Cette pratique de faux leaders fait qu’aujourd’hui le paysage politique guinéen foisonne de petits Partis de salons qui se résument au fondateur et à sa famille. Incapables d’organiser le moindre meeting dans leurs quartiers depuis leur lancement, ils se replient sur la maison de la presse de Conakry pour exister politiquement.

Ces faux leaders à la recherche d’un portefeuille ministériel ou d’un siège au Parlement, ou à la CENI, sont présents à tous les rendez-vous où l’on parle de la Guinée. Tant pis si les véritables concernés qui comptent sur l’échiquier politique national manquent de places. Aboubacar SYLLA de l’UFC, l’éternel porte-parole de l’opposition, est de cet acabit.

L’ancien ministre de l’information du Gouvernement de Transition, récompense de ses multiples déplacements sur Ouagadougou pendant des négociations CNDD-Forces Vives, est sur le point de devenir partisan de la pensée unique malgré son costume d’un des  »leaders politiques » donneur de leçon au régime du Pr. Alpha Condé.

Lui (Aboubacar SYLLA) qui a peur de se porter aux urnes, vient de s’en prendre maladroitement au quatrième homme de la dernière présidentielle guinéenne, SEM Lansana KOUYATE, Président du Parti de l’Espoir pour le Développement National (PEDN). Le crime commis par l’ancien diplomate Onusien est d’avoir attiré l’attention de l’opinion sur la manière déloyale par laquelle Mr SYLLA s’est fait inscrire sur la liste de l’UFDG pour le compte des législatives du 24 septembre 2013.

Découvert, l’éternel porte-parole a raconté plein de contrevérités sur sa méthode.
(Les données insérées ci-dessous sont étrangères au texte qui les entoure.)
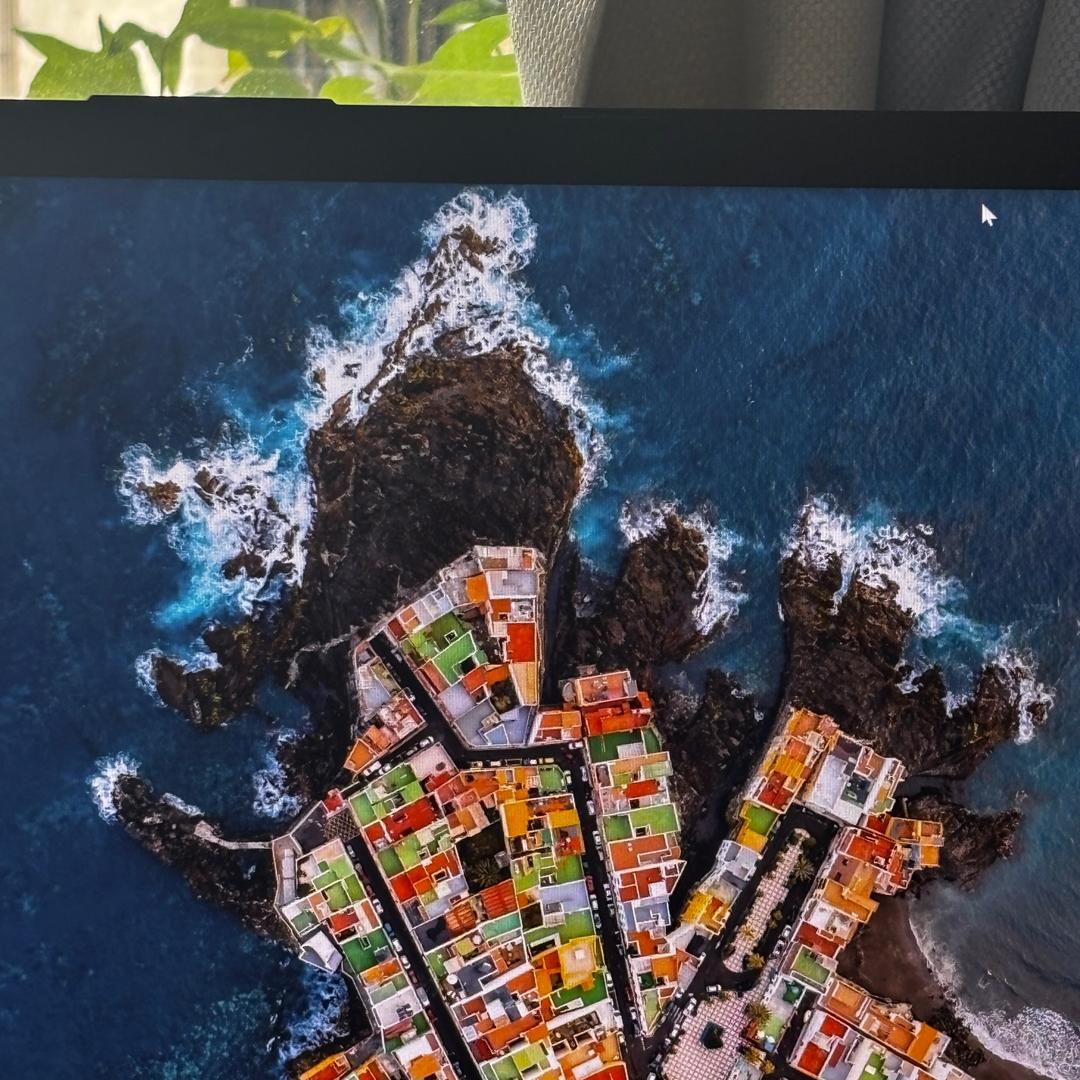 哒哒123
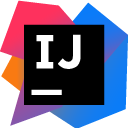 intellij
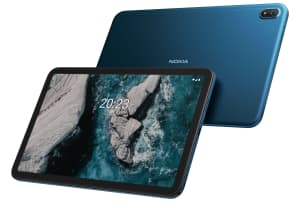 v1640193151/productvergelijker/TABLETS/16946294_kk_1-3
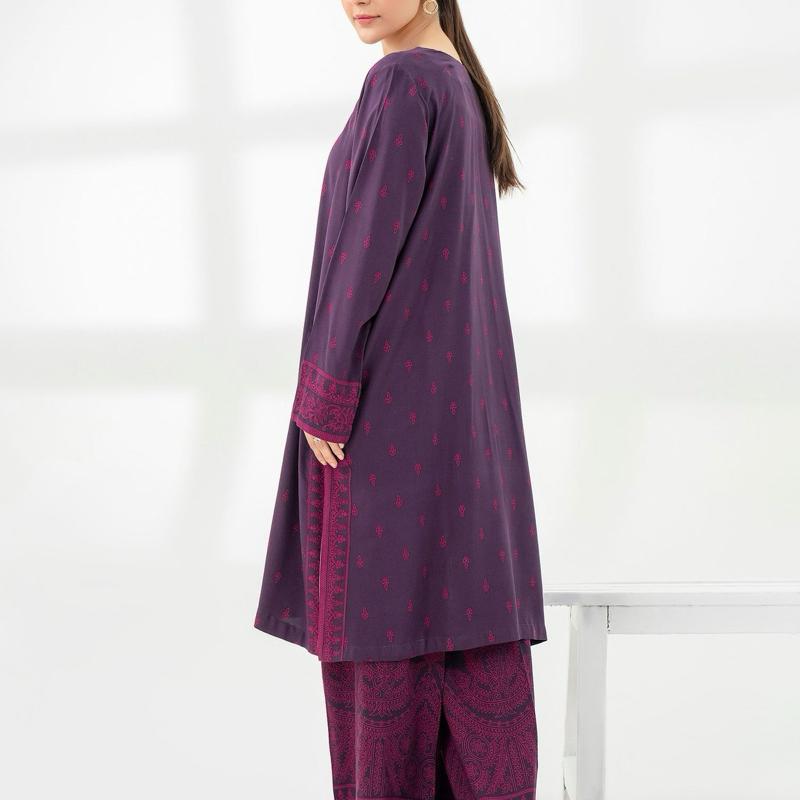 {{ product.title }} | Pakistani Clothes UK | Salenmore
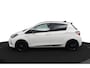 Toyota Yaris 1.5 Hybrid GR-Sport | Unieke Auto | Keyless Entry | Sportstoelen | Stoelverwarming |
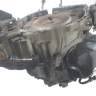 АКПП на B4204S2 Volvo S40 / V40 1995-2004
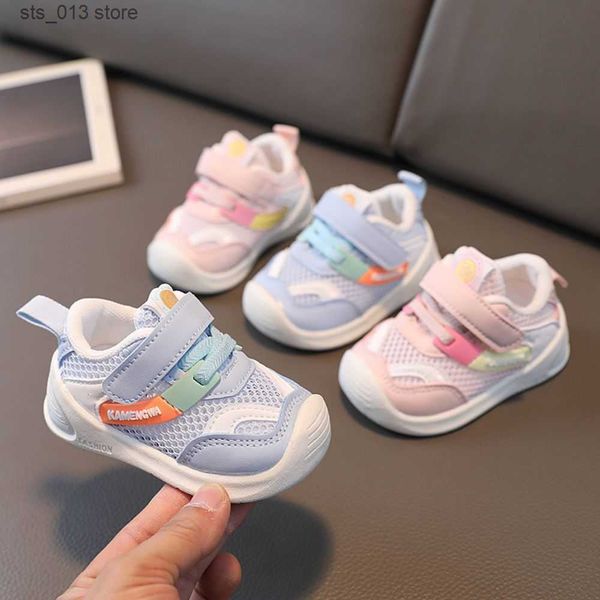 first walkers baby shoes first walkers infant summer shoes all-purpose non-slip breathable walking shoes for boys girls air mesh kids sneake
first walkers baby shoes first walkers infant summer shoes all-purpose non-slip breathable walking shoes for boys girls air mesh kids sneake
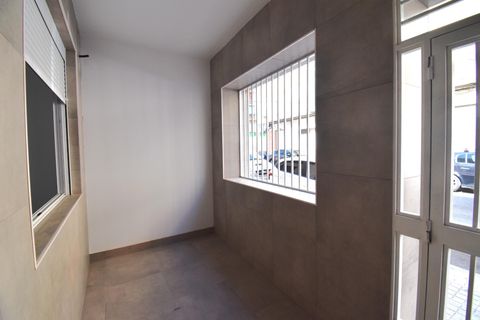 Leilighet i Elche, Alicante, Elche - € 170 000 | Ref: SECV2/10946 - foto 18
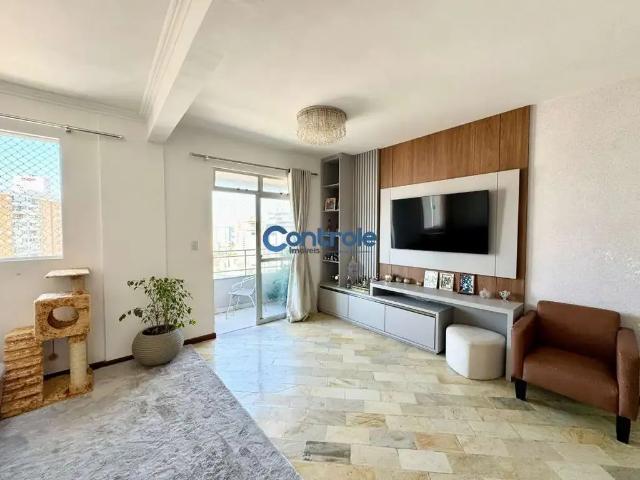 Apartamento para Venda em São José/SC Kobrasol 3 Quartos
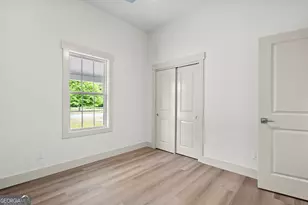 887 Log Landing Rd, Springfield, GA 31329 - Photo 27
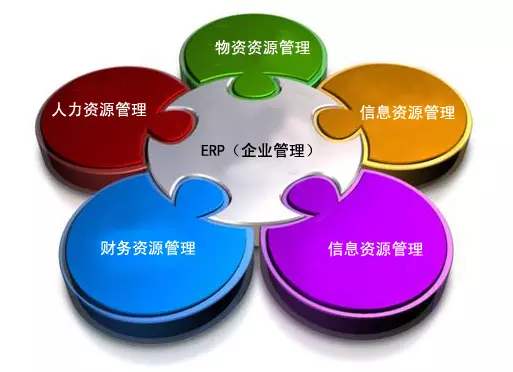 开云·官方版在线入口-开云(中国)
Lisez-le :  »Je n’ai pas besoin d’attendre le feu vert de M. Kouyaté pour nouer une alliance avec une formation politique  ». Plus loin, il lance une autre phrase contraire :  »C’est le Rassemblement des Forces du Changement (RFC) qui a décidé de prendre cette stratégie électorale puisque l’ADP était une alliance politique qui était morte ».

Or, ce Rassemblement des Forces du Changement ( RFC ) officialisé à travers un communiqué de presse rendu public à Conakry, le 31 janvier 2013 regroupant les Partis suivants : l’Union des Forces du Changement (UFC), Parti du Peuple de Guinée (PPG), Mouvement Pour la République (MPR), Alliance pour le Développement National (ADN), Parti pour le Progrès et le Changement (PPC), Alliance des Patriotes de Guinée (APG), Mouvement Démocratique Guinéen (MODEM-GUI), Parti de l’Unité et de la Liberté (PUL), Parti Libéral de Guinée (PLG) et enfin le Parti Guinéen pour le Développement et la Prospérité (PGDP); avait pour unique objectif de présenter une candidature unique aux prochaines élections législatives.
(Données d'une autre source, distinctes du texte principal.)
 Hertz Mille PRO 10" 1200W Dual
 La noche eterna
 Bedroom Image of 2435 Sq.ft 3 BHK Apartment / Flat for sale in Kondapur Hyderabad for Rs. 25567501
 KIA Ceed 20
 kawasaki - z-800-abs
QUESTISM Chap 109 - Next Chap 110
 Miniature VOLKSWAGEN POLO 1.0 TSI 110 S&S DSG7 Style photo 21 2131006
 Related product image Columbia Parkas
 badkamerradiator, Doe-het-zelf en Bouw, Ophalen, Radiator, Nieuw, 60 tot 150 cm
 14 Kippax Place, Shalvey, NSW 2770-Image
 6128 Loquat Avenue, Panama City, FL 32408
Le « R.F.C. », félicitera les leaders des partis politiques membres et invitera tous leurs militants et sympathisants à conjuguer leurs efforts en vue d’assurer aux candidats du RFC, une victoire éclatante aux prochaines élections législatives.

En définitive, il a été convenu que  »la candidature des partis membres du Rassemblement des Forces du Changement sera faite sous le label du parti : L’Union des forces du changement « UFC », d’Aboubacar SYLLA,  »choisi à l’unanimité comme parti porte étendard dans le cadre du respect des dispositions légales qui présentera les candidatures communes aux prochaines élections ».
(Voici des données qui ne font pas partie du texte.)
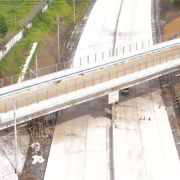 CALAX Silang Aguinaldo section 91% done, opens Sept 2023 image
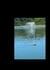 A Spiritual Romantic Life - Charles McCaffery Series 1, #3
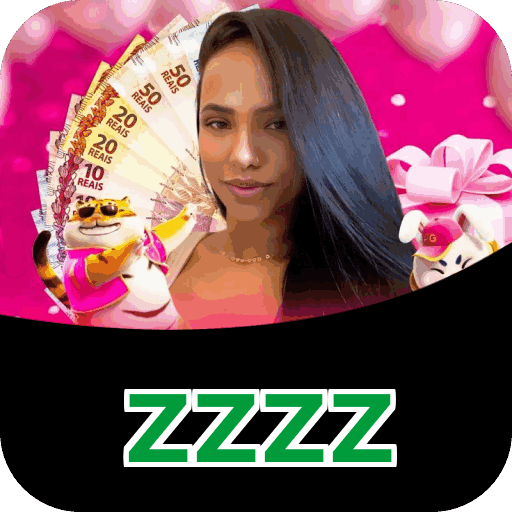 Outros jogos de sorte instantânea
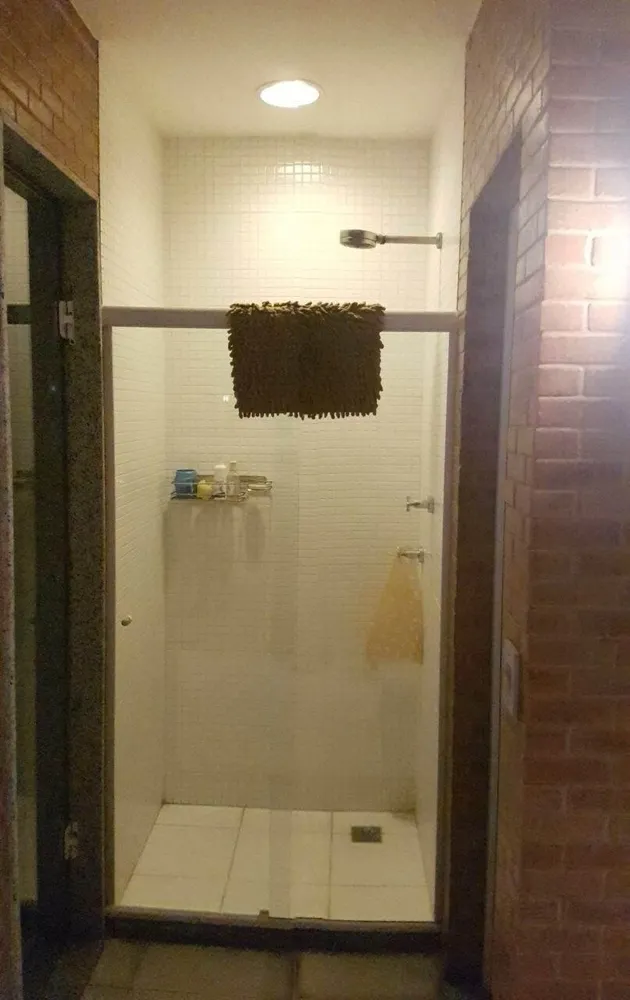 Cobertura, 5 quartos, 489 m² - Foto 18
Mais Mr Aboubacar SYLLA n’est pas dupe. Il sait que pour avoir un siège au Parlement, il faut au bas mot, trente mille électeurs. Alors que l’ensemble des Partis qui composent son alliance Rassemblement des Forces du Changement (RFC) ne sauraient avoir mille avec toutes les volontés du monde. Convaincu de cette évidence, notre SYLLA national, malgré l’honneur de porte étendard accordé au Parti par le RFC, jettera son dévolu sur l’UFDG, et ce, en position éligible, au détriment des fidèles responsables, militants et sympathisants de première heure. Qui est fou ?

Au lieu d’expliquer clairement à l’opinion publique nationale les raisons cachées de ce revirement qui sautent à l’œil, Aboubacar SYLLA préfère SEM Lansana KOUYATE comme bouc émissaire. Mais c’est la faute au ministère de l’administration du territoire et de la décentralisation, tutelle des Partis politiques, qui ne joue pas son rôle comme le stipule la loi. Si les formations politiques étaient contrôlées puis financées au prorata de leur assise populaire, les particules comme l’UFC auraient pris la poudre d’escampette.

En attendant, le leader de l’union des forces du changement (Aboubacar SYLLA) entend bien mériter son futur titre de député de l’UFDG puisqu’il est promis au poste de directeur de campagne. Et les compagnons de lutte de Cellou Dalein Diallo, qui devraient être à la place de SYLLA, n’auront que leurs yeux pour pleurer.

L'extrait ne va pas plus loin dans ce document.